It was as though pieces of his memory had been blacked out.  At first he hadn't even realized anything was missing.  Then, Carter had said some things that didn't make sense.  He'd tried to think about it and discovered he couldn't make connections between recent events.  He felt like his brain had been short-circuited.  Frustration pushed down an initial wave of panic.  What was happening in his head?  Why couldn't he think straight?  Had someone been messing with his mind?  Had he said anything while he was out of it, given away any classified information, endangered his team, his government, his world?  Jack felt lost, adrift in shifting riddles.

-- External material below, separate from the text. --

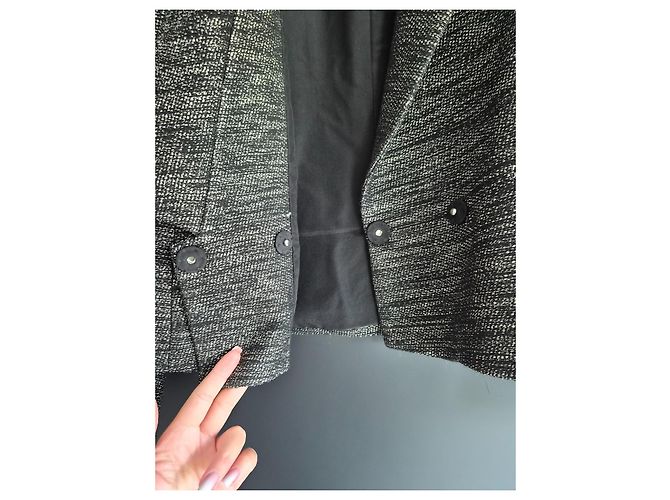 Diane Von Furstenberg Chaqueta corta texturizada Blanco Gris - vista 2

Dr. Fraiser theorized it was an effect of the drug the alien “goddess” had used on the men.  The effect had been temporary, and it hadn’t taken long before the memories returned, in fragments at first, an image here, a word or phrase there.  Eventually, the whole, ugly episode had come back to him, and Jack remembered it all now.  In fact, he couldn’t stop remembering.

Hathor had enslaved him along with all the other men on the base.  She had used some kind of mind control drug on them, beyond their technology and experience.  They became a willing army for their new mistress.

The Air Force colonel who was accustomed to giving orders had felt his will totally subsumed by the Goa'uld.  The sticky, sweet fumes he inhaled clogged his senses until his mind was no longer his own.  Another presence was directing it, changing his very thoughts to patterns of Hathor’s design.  He was possessed by an overwhelming need to serve her, to do whatever she wished of him.  He burned with the desire to please her, no matter the request, no matter the sacrifice.  She was his queen, his goddess, his very life, and he would gladly give himself to her to use as she saw fit.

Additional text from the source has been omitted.